The moving truck broke down. Our stuff doesn’t get to Austin until Thursday. We’re sleeping on the Aero Bed with one top sheet and an old mover blanket they use to wrap furniture. There’s no television, no cable, no Internet. The Suitor turns to me last night, at 10:30 PM, and says, "So what the hell did people do before there was electricity?"
"They knit or read." I don’t remember the last time I did either without something else going on, the radio, the television, something.

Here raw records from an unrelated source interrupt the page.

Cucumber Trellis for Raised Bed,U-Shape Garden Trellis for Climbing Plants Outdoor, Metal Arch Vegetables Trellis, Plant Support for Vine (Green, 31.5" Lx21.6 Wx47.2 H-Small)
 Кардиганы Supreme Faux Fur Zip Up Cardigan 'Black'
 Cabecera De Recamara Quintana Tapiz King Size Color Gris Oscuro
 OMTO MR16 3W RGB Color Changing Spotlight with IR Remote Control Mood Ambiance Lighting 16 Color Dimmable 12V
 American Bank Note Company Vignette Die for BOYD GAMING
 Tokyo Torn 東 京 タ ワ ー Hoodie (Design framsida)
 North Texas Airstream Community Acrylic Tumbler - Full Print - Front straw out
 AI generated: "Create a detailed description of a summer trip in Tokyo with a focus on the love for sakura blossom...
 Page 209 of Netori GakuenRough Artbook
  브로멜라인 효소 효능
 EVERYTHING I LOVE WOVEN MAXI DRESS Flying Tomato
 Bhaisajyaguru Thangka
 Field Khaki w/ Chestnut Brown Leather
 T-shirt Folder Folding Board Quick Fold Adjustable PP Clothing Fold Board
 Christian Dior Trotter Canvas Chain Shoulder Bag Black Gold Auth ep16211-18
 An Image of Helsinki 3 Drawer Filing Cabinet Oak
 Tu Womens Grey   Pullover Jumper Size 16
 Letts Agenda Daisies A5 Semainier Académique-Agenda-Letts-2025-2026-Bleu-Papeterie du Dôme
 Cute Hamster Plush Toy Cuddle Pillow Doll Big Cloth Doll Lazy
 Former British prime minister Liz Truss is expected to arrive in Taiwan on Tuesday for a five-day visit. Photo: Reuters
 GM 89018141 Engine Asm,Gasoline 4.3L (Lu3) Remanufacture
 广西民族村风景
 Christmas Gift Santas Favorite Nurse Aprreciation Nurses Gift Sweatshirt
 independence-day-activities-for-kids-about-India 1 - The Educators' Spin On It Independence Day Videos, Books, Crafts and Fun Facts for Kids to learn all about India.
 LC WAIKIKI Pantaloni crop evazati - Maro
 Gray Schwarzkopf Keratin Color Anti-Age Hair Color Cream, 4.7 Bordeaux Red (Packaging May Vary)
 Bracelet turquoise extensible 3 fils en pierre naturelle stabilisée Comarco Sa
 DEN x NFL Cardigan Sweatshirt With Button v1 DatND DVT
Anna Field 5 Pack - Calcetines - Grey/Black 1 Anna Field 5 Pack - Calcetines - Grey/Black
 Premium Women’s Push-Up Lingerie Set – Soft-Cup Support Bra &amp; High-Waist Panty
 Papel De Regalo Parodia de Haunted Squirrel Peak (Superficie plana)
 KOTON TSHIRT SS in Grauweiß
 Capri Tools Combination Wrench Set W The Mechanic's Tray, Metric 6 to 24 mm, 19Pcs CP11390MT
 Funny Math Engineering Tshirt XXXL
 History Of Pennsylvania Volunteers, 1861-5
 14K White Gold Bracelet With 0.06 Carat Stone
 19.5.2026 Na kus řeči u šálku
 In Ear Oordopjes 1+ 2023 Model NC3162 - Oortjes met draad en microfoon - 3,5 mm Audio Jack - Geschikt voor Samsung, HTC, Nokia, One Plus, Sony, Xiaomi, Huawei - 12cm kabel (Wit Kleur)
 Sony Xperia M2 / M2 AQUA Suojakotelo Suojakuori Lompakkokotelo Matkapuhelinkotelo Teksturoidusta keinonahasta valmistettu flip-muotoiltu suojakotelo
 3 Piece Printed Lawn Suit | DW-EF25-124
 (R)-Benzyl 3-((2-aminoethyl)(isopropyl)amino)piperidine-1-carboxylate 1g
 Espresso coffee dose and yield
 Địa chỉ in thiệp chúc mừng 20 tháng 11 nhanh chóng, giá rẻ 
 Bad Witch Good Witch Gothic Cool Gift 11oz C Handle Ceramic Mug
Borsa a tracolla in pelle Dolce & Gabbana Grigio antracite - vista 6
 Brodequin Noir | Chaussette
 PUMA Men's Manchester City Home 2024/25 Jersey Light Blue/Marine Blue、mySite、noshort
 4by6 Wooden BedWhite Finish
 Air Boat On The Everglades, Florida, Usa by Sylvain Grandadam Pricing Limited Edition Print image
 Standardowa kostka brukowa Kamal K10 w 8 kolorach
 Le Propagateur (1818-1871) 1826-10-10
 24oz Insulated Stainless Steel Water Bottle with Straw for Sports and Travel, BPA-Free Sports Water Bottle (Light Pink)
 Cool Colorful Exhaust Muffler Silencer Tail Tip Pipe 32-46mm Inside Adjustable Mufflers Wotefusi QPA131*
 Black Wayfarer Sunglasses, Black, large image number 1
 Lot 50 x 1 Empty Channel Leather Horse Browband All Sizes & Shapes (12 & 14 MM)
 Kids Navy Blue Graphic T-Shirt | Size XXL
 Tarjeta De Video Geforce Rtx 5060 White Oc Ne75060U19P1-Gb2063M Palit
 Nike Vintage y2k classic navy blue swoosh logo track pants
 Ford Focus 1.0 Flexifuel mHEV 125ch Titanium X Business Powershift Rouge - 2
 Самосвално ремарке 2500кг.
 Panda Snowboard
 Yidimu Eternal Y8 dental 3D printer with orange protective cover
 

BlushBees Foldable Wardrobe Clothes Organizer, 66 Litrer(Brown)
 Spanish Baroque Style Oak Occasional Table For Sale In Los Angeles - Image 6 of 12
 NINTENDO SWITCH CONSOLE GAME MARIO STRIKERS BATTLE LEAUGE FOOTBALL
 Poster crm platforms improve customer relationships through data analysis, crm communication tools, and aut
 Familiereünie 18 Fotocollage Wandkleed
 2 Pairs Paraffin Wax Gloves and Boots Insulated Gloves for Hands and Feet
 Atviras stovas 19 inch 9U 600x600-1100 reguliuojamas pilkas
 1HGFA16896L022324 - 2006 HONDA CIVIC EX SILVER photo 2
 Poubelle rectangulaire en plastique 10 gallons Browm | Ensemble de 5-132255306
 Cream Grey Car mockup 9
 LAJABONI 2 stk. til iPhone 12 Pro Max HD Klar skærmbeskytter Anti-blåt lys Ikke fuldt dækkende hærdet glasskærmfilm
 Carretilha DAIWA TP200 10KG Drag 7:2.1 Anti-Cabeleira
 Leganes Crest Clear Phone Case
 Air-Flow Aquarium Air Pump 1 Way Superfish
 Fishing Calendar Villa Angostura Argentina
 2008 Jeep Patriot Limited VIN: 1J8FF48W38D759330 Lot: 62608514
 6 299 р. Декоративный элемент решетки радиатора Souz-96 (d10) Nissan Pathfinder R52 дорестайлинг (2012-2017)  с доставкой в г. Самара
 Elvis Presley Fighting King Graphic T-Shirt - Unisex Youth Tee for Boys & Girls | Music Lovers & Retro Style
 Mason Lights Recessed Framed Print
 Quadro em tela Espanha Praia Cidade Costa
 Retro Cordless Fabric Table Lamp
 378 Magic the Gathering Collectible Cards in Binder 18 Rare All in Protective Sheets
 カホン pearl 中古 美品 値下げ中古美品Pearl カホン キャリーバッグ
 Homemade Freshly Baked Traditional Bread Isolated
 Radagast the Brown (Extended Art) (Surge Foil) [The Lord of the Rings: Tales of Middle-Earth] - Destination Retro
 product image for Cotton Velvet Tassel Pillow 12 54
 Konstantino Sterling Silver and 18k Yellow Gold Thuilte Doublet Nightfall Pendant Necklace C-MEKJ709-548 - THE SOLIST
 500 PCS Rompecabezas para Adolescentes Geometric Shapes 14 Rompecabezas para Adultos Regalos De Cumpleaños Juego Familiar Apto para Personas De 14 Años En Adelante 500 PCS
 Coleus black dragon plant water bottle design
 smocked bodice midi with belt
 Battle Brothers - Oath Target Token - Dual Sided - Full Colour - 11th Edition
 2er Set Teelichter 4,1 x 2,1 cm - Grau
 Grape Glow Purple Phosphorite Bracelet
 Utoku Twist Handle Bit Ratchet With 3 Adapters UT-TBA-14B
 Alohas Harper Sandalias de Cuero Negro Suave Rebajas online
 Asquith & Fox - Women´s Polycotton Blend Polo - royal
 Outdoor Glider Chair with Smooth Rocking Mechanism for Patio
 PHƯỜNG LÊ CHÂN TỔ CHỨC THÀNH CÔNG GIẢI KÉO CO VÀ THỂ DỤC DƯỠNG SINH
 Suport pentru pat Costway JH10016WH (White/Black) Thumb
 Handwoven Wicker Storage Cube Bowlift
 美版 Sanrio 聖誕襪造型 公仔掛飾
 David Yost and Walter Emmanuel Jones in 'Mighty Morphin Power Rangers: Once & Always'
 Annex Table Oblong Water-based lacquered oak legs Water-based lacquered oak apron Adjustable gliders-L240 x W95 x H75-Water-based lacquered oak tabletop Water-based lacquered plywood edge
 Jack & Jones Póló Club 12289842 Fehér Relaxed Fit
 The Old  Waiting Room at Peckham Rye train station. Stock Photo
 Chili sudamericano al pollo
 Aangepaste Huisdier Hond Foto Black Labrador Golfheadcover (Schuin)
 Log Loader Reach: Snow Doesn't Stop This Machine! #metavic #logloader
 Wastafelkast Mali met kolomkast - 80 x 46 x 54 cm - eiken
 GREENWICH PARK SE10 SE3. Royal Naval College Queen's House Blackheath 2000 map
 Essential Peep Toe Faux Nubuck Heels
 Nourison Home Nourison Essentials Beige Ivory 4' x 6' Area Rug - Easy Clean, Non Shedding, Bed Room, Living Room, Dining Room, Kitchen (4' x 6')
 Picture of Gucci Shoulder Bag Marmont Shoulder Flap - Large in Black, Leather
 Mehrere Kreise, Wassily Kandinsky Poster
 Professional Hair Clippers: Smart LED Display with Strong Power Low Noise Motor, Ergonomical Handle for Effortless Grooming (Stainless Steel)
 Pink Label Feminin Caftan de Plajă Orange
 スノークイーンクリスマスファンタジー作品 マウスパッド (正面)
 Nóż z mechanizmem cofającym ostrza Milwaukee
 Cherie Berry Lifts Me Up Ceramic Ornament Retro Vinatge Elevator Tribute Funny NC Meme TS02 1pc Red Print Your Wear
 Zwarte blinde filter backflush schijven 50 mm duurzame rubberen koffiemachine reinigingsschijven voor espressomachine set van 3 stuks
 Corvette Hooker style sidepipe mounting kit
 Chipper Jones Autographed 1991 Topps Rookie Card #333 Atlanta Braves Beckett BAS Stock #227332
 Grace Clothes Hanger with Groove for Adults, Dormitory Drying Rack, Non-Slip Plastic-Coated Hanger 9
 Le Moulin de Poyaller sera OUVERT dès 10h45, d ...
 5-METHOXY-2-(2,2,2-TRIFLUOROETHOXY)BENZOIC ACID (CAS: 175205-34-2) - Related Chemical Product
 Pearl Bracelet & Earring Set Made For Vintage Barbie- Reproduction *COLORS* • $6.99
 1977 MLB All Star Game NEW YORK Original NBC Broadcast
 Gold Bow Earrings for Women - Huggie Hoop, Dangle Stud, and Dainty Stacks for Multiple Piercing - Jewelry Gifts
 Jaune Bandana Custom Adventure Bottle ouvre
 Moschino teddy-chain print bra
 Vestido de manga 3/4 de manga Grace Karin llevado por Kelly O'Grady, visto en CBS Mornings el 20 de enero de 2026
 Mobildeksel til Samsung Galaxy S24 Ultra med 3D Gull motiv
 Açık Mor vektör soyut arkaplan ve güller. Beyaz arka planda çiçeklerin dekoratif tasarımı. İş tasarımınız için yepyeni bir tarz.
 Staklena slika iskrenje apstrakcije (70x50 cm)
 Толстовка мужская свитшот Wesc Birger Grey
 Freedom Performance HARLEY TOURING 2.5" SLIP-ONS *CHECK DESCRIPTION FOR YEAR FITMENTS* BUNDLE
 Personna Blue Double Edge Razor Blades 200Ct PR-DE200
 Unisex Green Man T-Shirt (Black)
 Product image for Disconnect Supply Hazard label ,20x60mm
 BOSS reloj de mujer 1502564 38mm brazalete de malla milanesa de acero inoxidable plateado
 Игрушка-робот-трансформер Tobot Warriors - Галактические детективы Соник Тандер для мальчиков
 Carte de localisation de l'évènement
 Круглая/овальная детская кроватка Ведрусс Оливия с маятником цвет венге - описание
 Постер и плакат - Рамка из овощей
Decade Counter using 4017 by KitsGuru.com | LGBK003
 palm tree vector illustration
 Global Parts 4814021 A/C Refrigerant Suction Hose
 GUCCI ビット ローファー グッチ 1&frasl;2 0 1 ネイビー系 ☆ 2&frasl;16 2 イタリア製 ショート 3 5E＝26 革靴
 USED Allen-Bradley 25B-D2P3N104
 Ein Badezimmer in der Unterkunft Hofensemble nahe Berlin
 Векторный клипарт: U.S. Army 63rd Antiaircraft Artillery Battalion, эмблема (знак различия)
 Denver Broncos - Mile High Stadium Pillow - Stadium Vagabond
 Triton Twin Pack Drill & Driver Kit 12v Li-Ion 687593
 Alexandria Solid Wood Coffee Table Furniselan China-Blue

"I have to wake up early anyway," he said before rolling over. They had sex, I thought in our bedtime silence, and they moaned loudly, but I didn’t say it or else he’d want to have sex. Lately I’ve been too ass-slapped by the sun to think about slapping anyone else’s ass.
Yesterday we went to a park and walked around near fresh springs when The Suitor asked me, "Do you know what we are?"
"We’re outdoorsy." That’s when we, both in our flip-flops, decided we’d need to keep an extra set of sneakers, shorts, and bathing suits in the backs of each of our cars. Sunblock for certain (even my scalp is burnt). Then we proceeded to walk some more. There was some crazy talk about purchasing a plant for our terrace. "It’s a wonder Linus has survived," I reminded him of my ability to murder everything living which surrounds me. "How about a bamboo area rug?" I suggested instead. So along with the bamboo rug and salad bowl, we toted home some Whole Foods loverliness for the grillin’. We’re officially suburban now, excluding the 1.5 children. Gynecologist appointment tomorrow, as I still have no period. You’re welcome for sharing. Speaking of sharing. Holy shit. I discovered something phenomenal: whipped honey. I am not getting paid to say this. I promise you’ll love this stuff. LOVE. I ate probably too much with my finger, straight from the jar, then drizzled mine (lemon flavored) over Florida stone crabs and steamed broccoli. You can melt it on green beans, asparagus, anything a kid is afraid of, including the doctor. Um, well. Anyway.